Modified by SunJackson

Stack Overflow Survey 2018: Respondents World Map • Jupyter Notebook

** ramiro.org

» Notebooks

» Stack Overflow Survey 2018: Respondents World Map

In this notebook I create a choropleth map that shows how many people responded to the Stack Overflow Developer Survey 2018 in relation to their countries' populations.

First load the result file into a pandas DataFrame and create a series of value counts from the Country column.

%matplotlib inline

import os
import pandas as pd

df_public = pd.read_csv(os.path.expanduser('~/data/kaggle.com/stackoverflow/stack-overflow-2018-developer-survey/survey_results_public.csv'), usecols=['Country'], dtype=str)
df_countries = pd.DataFrame(df_public.Country.value_counts())
df_countries.head(5)
Country
United States 20309
India 13721
Germany 6459
United Kingdom 6221
Canada 3393

Next create a country index to map the country names used in the developer survey to the ISO 3166-1 country codes that identify countries in the geographic data used later for plotting the map. Then show the names that could not be mapped with the iso3166 package.

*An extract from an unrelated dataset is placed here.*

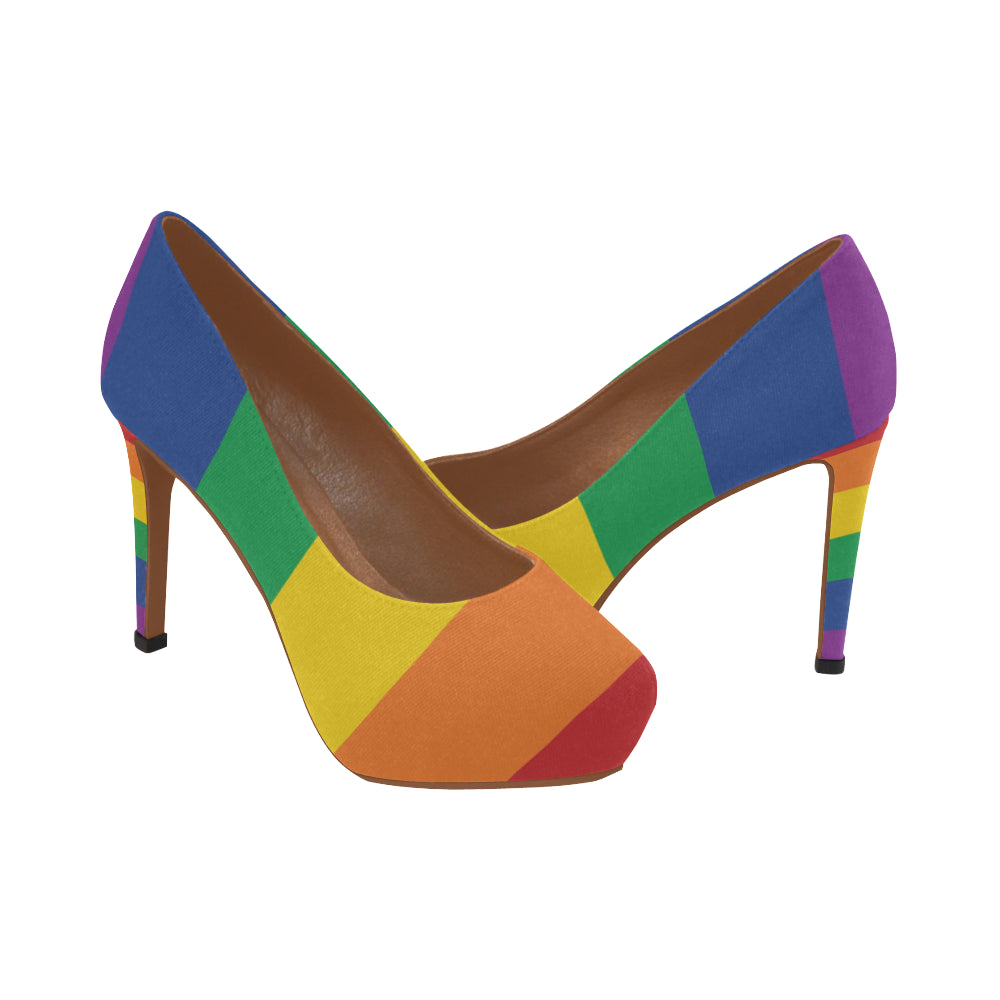 Rainbow Pride Women's High Heels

from iso3166 import countries

country_index = {name: countries.get(name).alpha3 for name in df_countries.index if name in countries}
set(df_countries.index) - set(country_index)
{'Bolivia',
 'Cape Verde',
 'Congo, Republic of the...',
 'Czech Republic',
 "Democratic People's Republic of Korea",
 'Democratic Republic of the Congo',
 'Hong Kong (S.A.R.)',
 'Iran, Islamic Republic of...',
 'Libyan Arab Jamahiriya',
 'Micronesia, Federated States of...',
 'North Korea',
 'Other Country (Not Listed Above)',
 'Republic of Korea',
 'Republic of Moldova',
 'South Korea',
 'The former Yugoslav Republic of Macedonia',
 'United Kingdom',
 'United Republic of Tanzania',
 'Venezuela, Bolivarian Republic of...'}

Add the missing ISO codes manually to the index.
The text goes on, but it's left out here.